Quote from: hutch-- on August 26, 2009, 04:23:10 AM
... it uses REP MOVSD for most of the file and uses REP MOVSB for the balance, its a lot fatser than byte copy.

IIRC the P4 and later cpus have a "string byte move optimization" feature implemented, which eliminates the speed difference between MOVSD and MOVSB. The feature can be enabled / disabled by writing a certain MSR register, usually it's enabled.

jj2007

Quote from: japheth on August 26, 2009, 05:31:56 AM
IIRC the P4 and later cpus have a "string byte move optimization" feature implemented, which eliminates the speed difference between MOVSD and MOVSB. The feature can be enabled / disabled by writing a certain MSR register, usually it's enabled.

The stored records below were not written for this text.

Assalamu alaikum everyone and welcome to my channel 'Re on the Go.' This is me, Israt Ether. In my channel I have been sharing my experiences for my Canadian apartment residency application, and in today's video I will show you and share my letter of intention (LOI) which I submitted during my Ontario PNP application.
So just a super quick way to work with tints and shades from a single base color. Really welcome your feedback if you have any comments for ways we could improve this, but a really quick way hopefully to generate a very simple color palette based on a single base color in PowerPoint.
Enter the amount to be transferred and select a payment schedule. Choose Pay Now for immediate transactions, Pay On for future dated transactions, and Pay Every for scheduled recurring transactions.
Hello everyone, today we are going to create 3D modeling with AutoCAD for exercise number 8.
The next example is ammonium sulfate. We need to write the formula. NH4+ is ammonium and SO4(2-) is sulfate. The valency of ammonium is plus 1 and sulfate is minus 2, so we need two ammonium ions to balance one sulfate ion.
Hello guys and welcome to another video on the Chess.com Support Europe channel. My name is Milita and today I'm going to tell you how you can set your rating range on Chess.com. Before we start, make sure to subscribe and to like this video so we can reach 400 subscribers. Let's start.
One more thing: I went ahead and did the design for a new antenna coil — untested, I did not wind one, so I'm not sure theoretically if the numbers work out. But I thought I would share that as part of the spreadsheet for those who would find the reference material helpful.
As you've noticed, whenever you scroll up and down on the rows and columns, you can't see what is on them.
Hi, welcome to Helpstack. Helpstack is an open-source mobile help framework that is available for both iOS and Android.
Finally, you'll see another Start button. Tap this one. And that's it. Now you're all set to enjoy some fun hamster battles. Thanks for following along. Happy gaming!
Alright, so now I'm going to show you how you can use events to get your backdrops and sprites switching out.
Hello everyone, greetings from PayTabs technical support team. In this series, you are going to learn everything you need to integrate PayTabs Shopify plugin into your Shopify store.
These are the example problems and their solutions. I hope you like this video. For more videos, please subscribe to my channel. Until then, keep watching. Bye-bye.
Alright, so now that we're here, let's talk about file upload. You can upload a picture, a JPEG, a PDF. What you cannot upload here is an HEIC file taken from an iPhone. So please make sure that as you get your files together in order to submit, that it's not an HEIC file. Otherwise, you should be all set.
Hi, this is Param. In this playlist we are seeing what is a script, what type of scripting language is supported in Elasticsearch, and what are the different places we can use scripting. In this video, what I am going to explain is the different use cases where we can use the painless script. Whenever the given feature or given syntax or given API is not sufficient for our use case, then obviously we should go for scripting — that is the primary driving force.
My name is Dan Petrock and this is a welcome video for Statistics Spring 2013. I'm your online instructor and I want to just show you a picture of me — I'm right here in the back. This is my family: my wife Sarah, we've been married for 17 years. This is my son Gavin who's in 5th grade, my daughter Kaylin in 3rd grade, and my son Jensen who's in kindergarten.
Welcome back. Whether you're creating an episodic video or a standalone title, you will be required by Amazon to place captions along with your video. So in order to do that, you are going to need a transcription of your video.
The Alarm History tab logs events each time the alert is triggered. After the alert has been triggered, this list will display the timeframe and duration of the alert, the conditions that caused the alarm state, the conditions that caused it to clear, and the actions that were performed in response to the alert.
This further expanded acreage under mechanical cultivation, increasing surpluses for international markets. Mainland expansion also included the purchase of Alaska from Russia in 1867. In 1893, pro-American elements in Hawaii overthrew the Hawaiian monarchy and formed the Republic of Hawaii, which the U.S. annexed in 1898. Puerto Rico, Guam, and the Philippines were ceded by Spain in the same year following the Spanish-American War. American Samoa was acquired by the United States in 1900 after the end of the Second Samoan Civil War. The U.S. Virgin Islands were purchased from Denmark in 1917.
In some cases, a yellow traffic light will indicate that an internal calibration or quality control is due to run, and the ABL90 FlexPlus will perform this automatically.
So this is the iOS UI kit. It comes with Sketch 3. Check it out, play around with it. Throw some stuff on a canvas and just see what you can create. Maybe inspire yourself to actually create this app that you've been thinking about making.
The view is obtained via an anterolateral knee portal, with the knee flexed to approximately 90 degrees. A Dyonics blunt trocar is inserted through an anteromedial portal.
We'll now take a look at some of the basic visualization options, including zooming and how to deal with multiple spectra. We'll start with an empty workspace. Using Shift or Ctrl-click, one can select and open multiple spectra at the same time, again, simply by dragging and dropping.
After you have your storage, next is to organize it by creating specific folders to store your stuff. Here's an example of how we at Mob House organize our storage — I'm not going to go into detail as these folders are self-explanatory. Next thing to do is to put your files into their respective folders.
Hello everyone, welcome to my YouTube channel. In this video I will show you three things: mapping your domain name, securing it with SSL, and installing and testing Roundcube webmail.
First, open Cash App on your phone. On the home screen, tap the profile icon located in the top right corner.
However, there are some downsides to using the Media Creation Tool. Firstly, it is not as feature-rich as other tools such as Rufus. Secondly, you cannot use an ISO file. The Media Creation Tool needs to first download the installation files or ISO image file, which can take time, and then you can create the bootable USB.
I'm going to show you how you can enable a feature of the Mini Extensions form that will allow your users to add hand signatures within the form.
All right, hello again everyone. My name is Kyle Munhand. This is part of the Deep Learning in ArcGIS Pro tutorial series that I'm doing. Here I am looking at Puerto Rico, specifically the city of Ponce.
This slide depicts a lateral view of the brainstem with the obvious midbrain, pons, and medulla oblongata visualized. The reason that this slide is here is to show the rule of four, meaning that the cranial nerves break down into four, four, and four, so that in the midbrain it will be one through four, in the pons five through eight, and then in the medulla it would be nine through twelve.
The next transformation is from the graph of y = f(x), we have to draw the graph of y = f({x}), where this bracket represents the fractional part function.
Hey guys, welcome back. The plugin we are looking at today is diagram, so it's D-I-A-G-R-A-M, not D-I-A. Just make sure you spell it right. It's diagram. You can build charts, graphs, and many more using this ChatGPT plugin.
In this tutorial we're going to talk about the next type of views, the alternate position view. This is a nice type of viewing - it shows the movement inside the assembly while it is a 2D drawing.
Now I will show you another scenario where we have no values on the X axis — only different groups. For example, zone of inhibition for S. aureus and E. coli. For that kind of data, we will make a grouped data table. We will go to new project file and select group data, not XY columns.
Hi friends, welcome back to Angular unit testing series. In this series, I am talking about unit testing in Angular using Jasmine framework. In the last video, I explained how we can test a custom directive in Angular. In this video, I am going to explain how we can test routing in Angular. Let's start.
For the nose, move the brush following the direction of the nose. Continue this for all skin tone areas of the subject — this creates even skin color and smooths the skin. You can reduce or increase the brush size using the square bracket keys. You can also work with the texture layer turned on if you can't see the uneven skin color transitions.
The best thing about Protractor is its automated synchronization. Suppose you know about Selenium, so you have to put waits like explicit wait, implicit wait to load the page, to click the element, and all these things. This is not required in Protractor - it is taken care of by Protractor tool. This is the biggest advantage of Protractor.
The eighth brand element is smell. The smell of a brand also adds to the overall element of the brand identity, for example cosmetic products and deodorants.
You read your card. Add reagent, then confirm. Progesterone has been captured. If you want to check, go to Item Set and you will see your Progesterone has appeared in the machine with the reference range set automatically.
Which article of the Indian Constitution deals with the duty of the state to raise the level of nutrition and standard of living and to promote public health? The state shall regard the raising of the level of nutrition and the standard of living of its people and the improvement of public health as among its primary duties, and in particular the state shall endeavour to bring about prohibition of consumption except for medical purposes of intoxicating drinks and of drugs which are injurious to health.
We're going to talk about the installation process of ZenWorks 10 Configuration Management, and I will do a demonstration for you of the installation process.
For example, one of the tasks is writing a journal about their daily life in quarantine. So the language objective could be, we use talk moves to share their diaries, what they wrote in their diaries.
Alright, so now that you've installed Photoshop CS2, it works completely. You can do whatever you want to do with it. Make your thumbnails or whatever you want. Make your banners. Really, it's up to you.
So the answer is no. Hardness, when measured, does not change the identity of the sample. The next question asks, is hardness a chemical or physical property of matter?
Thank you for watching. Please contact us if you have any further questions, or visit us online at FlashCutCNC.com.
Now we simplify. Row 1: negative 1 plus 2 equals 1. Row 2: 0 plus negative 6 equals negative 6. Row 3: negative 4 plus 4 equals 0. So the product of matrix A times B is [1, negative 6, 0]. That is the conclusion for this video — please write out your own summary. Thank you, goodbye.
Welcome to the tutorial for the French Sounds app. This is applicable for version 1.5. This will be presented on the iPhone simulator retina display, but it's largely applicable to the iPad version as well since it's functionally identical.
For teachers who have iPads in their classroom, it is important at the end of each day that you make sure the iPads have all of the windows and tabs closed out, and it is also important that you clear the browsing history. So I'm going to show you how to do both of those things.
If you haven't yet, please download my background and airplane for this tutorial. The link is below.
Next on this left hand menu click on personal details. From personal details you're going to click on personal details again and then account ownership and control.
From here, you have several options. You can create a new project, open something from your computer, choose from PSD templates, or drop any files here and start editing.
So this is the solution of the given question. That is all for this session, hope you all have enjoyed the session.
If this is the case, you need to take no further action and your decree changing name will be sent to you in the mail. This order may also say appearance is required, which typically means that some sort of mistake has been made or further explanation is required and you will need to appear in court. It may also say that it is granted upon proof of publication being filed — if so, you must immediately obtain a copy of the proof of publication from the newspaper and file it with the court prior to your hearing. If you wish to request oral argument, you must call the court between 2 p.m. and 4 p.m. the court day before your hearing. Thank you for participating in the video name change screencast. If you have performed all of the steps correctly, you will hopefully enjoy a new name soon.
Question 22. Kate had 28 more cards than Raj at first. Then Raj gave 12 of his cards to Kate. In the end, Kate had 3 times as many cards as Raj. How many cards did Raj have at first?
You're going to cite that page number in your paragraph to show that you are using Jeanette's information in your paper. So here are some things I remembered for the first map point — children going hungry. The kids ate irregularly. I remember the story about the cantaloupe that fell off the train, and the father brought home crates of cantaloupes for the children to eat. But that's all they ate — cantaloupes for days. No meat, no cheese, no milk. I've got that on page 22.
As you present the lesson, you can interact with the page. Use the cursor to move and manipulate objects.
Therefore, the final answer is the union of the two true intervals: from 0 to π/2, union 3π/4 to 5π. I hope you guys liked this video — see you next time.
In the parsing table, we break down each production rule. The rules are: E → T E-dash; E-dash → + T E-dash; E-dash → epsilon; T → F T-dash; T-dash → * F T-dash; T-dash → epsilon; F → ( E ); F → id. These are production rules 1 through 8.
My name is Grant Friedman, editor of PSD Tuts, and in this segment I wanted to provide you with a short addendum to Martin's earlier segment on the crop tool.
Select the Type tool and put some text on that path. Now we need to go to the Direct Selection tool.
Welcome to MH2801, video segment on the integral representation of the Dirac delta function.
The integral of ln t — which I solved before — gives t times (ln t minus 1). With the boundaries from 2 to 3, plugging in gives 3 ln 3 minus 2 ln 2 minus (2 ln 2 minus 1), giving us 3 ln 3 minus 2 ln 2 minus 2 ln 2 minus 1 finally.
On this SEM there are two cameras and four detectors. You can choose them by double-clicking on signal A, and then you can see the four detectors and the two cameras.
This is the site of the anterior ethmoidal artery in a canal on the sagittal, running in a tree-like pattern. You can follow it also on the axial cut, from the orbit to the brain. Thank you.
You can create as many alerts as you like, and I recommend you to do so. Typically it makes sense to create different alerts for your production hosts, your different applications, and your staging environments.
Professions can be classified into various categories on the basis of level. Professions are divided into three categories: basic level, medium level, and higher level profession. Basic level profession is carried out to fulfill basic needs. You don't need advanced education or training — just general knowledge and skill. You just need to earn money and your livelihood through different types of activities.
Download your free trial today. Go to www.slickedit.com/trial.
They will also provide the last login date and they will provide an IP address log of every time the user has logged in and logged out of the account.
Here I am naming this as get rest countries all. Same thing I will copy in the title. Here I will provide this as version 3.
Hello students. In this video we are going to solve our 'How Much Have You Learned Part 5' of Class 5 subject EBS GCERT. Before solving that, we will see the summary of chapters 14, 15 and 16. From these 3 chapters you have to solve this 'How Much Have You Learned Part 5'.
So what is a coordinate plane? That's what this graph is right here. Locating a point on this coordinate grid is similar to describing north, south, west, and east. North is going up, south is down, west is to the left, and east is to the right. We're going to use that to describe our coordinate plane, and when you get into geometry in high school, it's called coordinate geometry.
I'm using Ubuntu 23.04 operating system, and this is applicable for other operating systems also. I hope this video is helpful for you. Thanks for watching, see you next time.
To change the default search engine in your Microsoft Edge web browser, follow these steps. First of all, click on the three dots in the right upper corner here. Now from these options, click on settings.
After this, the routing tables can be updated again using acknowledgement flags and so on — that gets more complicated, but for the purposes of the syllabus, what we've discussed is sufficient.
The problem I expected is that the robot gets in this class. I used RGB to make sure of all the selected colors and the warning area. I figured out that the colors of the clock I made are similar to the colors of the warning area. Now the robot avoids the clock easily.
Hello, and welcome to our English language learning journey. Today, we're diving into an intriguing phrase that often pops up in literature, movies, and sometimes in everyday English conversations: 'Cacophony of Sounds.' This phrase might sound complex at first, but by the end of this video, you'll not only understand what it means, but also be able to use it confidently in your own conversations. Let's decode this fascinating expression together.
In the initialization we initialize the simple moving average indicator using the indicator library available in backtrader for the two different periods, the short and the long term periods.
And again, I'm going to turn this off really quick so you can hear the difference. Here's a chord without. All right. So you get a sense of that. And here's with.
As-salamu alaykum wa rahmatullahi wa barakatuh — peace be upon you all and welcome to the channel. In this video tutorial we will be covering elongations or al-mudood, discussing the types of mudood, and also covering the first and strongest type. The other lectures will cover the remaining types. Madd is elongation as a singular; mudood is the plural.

Good to know, although it seems to kick in only at higher byte counts - results for a Prescott P4:

176240  cycles for rep movsd, ct=400000
167652  cycles for rep movsb, ct=400000

14311   cycles for rep movsd, ct=40000
14673   cycles for rep movsb, ct=40000

1267    cycles for rep movsd, ct=4000
1481    cycles for rep movsb, ct=4000

307     cycles for rep movsd, ct=400
487     cycles for rep movsb, ct=400

59      cycles for rep movsd, ct=40
275     cycles for rep movsb, ct=40

dedndave

hiyas Jochen
for rep movsb, the count should be 4x that used for rep movsd
we want to compare moving the same amount of data

EDIT - i am trying to make sense of the numbers - lol
nothing works in my head - more coffee

hutch--

Here is a simple test piece that verifies Japheth's information.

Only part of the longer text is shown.